Search code examples
pythonpytorchresizeimage-resizingtorchvision

How to resize a 5D PyTorch tensor using TorchVision transforms?


I'm trying to resize a 5D PyTorch tensor within a CNN but I'm having some trouble. I've attached my code and the error I'm getting.

import torchvision.transforms.functional as TF
import numpy as np

a = torch.rand((1, 3, 20, 376, 376))

b = TF.resize(a, (200, 200))

ValueError: Input and output must have the same number of spatial dimensions, but got input with spatial dimensions of [20, 376, 376] and output size of [200, 200]. Please provide input tensor in (N, C, d1, d2, ...,dK) format and output size in (o1, o2, ...,oK) format.

The 5D tensor has the following dimensions:

(1, 3, 20, 376, 376) which corresponds to (BATCH SIZE, CHANNELS, DEPTH, HEIGHT, WIDTH).

The final 3 dimensions of the tensor refer to dimensions of 3D images being passed through the network.

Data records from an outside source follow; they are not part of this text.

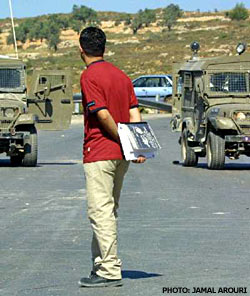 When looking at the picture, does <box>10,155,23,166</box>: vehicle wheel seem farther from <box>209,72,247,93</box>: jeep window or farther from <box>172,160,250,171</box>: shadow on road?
<box>209,72,247,93</box>: jeep window

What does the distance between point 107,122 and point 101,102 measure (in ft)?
0.51

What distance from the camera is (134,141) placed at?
7477 mm

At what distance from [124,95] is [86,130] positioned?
384mm

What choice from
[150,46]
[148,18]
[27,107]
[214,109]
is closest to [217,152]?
[214,109]

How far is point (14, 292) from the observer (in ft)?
24.5

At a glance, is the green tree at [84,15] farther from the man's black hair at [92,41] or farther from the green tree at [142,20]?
the man's black hair at [92,41]

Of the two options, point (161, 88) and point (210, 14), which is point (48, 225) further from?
point (210, 14)

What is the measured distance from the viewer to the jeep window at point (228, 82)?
67.4ft

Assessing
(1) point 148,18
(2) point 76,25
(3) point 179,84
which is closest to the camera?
(3) point 179,84

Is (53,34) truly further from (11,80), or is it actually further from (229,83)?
(229,83)

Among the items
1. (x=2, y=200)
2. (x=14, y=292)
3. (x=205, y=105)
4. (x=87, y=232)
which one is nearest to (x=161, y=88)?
(x=205, y=105)

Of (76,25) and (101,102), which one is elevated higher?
(101,102)

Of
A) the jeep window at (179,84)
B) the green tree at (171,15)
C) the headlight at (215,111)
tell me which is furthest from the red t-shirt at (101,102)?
the green tree at (171,15)

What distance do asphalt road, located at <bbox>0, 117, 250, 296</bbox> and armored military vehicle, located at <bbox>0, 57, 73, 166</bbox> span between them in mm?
1643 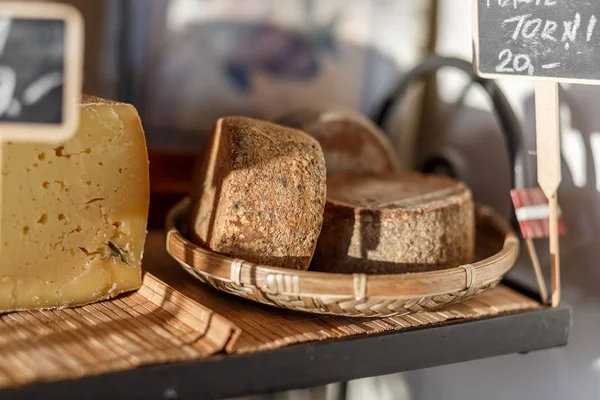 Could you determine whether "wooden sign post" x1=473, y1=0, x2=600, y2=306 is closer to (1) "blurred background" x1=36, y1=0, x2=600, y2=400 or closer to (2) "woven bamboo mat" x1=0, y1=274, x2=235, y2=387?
(1) "blurred background" x1=36, y1=0, x2=600, y2=400

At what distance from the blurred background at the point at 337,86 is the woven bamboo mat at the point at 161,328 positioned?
1.14 ft

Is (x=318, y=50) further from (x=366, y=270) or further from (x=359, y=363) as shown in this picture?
(x=359, y=363)

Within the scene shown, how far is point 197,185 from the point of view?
1223 mm

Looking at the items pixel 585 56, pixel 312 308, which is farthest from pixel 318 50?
pixel 312 308

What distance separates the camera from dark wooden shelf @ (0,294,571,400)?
881 millimetres

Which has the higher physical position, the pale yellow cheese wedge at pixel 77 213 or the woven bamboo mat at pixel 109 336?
the pale yellow cheese wedge at pixel 77 213

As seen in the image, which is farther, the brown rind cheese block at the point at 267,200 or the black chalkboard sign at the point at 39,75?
the brown rind cheese block at the point at 267,200

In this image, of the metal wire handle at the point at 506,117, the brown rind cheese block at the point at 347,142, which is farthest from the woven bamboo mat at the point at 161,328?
the brown rind cheese block at the point at 347,142

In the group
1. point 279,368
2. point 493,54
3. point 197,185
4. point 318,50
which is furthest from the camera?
point 318,50

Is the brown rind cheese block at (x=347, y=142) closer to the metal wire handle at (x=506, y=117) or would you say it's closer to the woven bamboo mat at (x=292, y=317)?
the metal wire handle at (x=506, y=117)

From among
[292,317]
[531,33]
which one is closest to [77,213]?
[292,317]

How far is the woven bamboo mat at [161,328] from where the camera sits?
90 cm

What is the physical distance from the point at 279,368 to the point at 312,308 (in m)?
0.11

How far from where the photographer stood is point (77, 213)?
3.48 ft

I'd like to resize the final two dimensions, the height and the width. Any guidance would be hugely appreciated. Thank you!

Unfortunately I can't convert the tensors to numpy arrays, resize, and then re-convert them to tensors as I'll lose the gradients needed for gradient descent in training.


Solution

  • One approach using TF.resize is to flatten the batch and depth dimensions, perform the resize, then recover the initial depth dimension:

    >>> a_flat = a.swapaxes(1,2).flatten(0,1)     # (B*D, C,  H,   W)
    >>> c = TF.resize(a_flat , (200, 200))        # (B*D, C, 200, 200)
    >>> b = b.view(*a.shape[:3], *c.shape[-2:])   # (B, D, C, 200, 200)